“La cocina” - Film Review
There are few places more chaotic, loud, and busy than Times Square. One location that takes the mania of those few blocks and cranks it up a few notches is the back-of-house area of a restaurant located in Times Square. Such is the setting for Alonso Ruizpalacios’ appropriately titled La cocina. The film is based on the 1957 stage play The Kitchen by Arnold Wesker, and La cocina marks the second film adaptation of this source material. The main difference in Ruizpalacios’ version of the material is that the immigrants who make up the majority of the kitchen staff are Latin American, whereas the cooks in the play were made up of primarily continental European immigrants.
It’s about to be the lunch rush at The Grill, a tourist trap of a restaurant in Times Square.

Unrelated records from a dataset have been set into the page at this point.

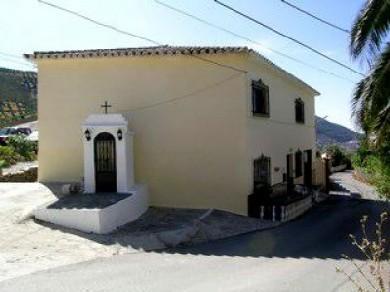 Chalet con 5 dormitorios se vende en Alcaucin, Axarquia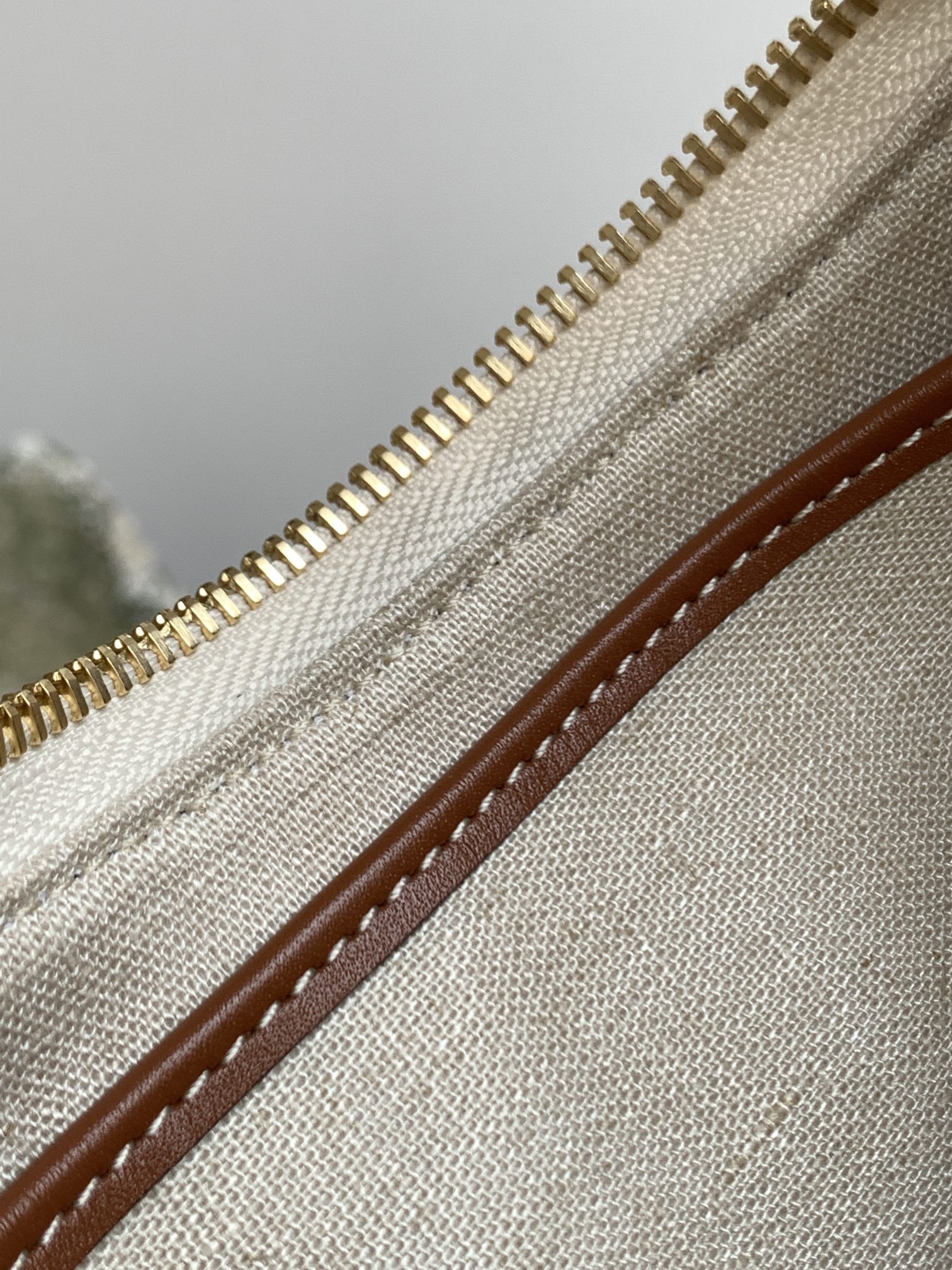 Ce**e ava bag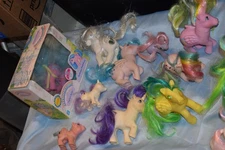 VINTAGE MY LITTLE PONY LOT OF 33 -HASBRO- HONG KONG-CHINA
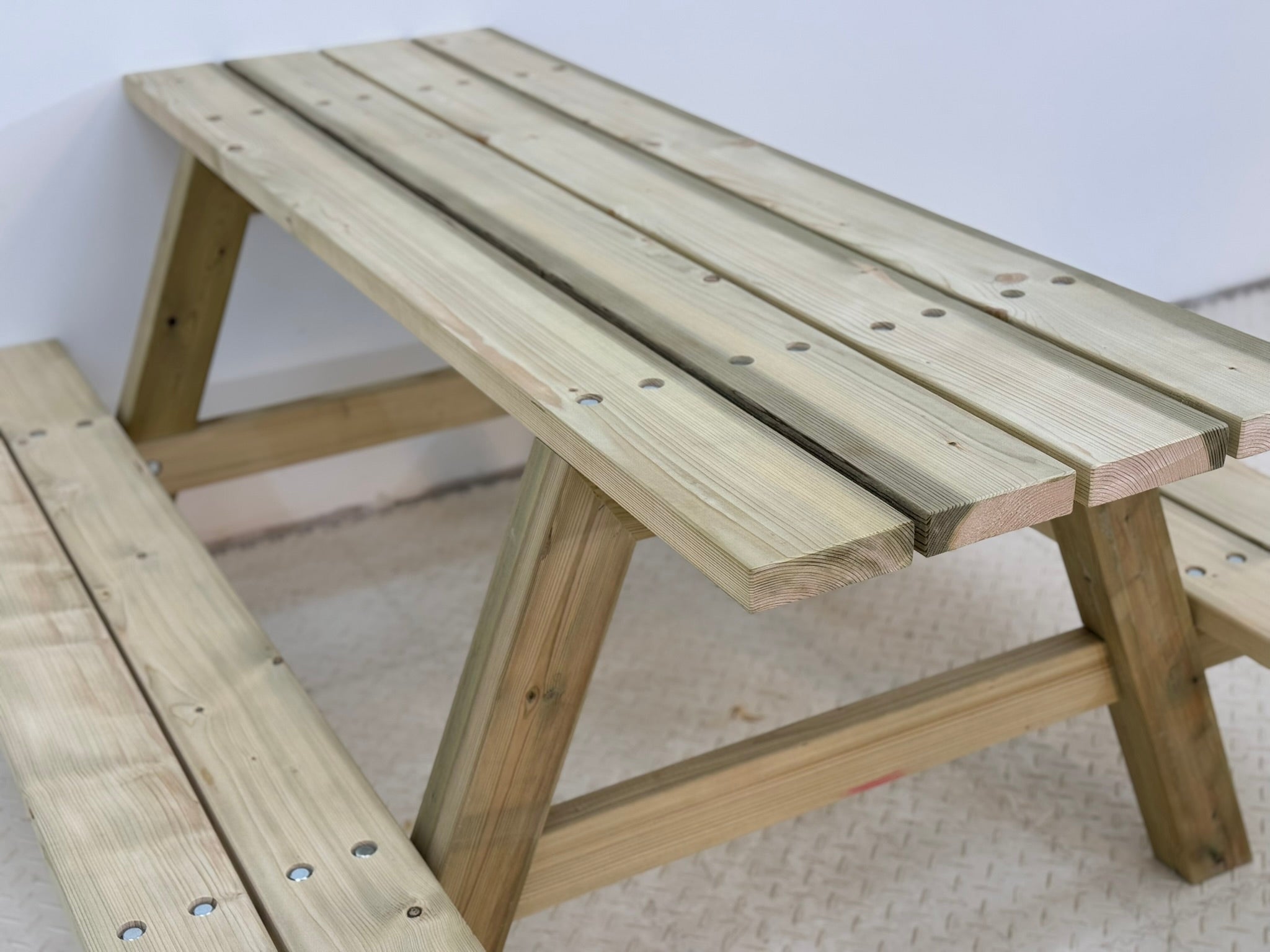 Premium Classic Pub Style Bench - Heavy Duty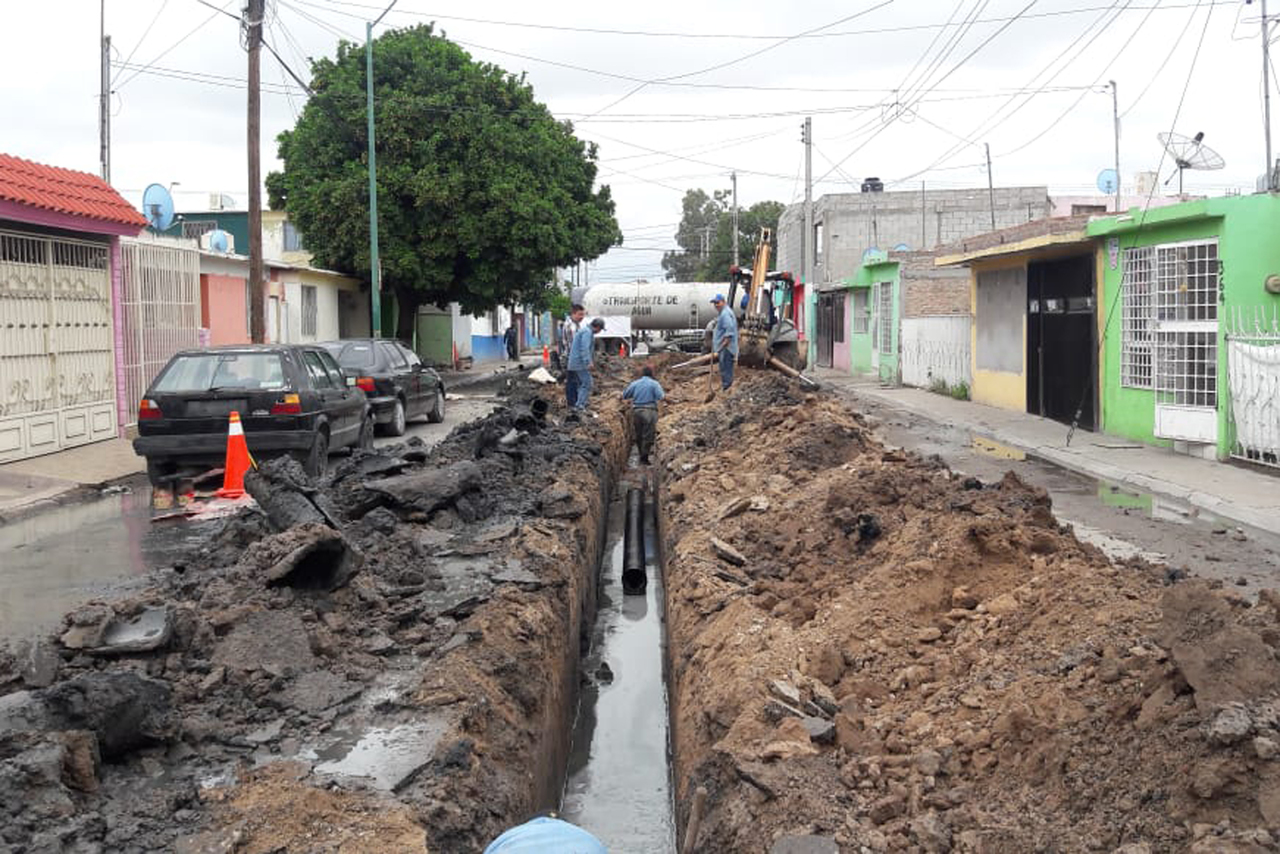 Necesidad. El Sideapa sustituye líneas de drenaje en calles de la colonia Chapala. (EL SIGLO DE TORREÓN)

The Grill promises to serve all the hits of American cuisine at exorbitant prices while underpaying those who work there. In the back of the house, there’s Estela (Anna Diaz). She has just arrived in the United States and was told by her mother to seek out a man named Pedro (Raúl Briones Carmona) who works in the kitchen of The Grill. He gets her a job and she’s thrown into the mayhem of what’s just another Friday for the employees of the restaurant. While the back-of-house staff is primarily made up of immigrants, most of the servers are white, American women. One of them, Julia (Rooney Mara), is pregnant with Pedro’s kid. He wants to keep it, but she doesn’t. Their heated debate is one of many that unfold over the course of the lunch rush.
Cinépolis, WILLA
La cocina will inevitably draw comparisons to The Bear, since it’s the cooking/restaurant show currently in the zeitgeist. However, La cocina bears more of a resemblance to a lesser-seen movie called Boiling Point, a taut 92-minute, one-shot film about dinner rush in an upscale London restaurant. La cocina, while not a one-shot for the entire film, is always moving. There is a restless, urgent energy coursing through it that culminates in a truly spectacular sequence once the restaurant actually begins service. It is a well-organized, perfectly choreographed sense of madness that unfolds in restaurant kitchens worldwide every single day. In an already amped-up film, this standout sequence manages to elevate the tension and activity to a dizzying degree.
Most of La cocina takes place in and around The Grill. The audience is introduced to the labyrinth of hallways that twist upon themselves in the way that all New York buildings seem to do. Too many people in too small a space with too much to be done. It’s the basis of all NYC architecture. When constrained to this single setting, La cocina is at its best and most claustrophobic. As the lunch rush dies down, the people begin to disperse, to ooze out of the building that confines them for so many hours a day. It’s this departure that pumps the brakes of La cocina. As soon as the air is let out of the room, we lose a bit of the urgency. There’s something powerful in a film that will not let its audience breathe for the duration of its runtime. A powder keg always on the verge of an explosion that’s suddenly extinguished releases all the anxiety it's already created. Such is the case of La cocina when it leaves the kitchen.
“Whatever happens, it’s only work,” Julia tells Estela before service begins. It’s a placating sentiment, one Estela cannot understand and one that doesn’t hold much water. It’s only work, but it’s life and death as well. So many of the people working in the kitchen see this work as their chance at their version of the American Dream. La cocina beautifully showcases the overlap of immigration and the tourist industry, how they feed off one another not to survive, but merely exist to see another lunch rush. La cocina is careening off the edge of the world at breakneck speed, not for greatness or millions of dollars, but for the simple ability to live a better life.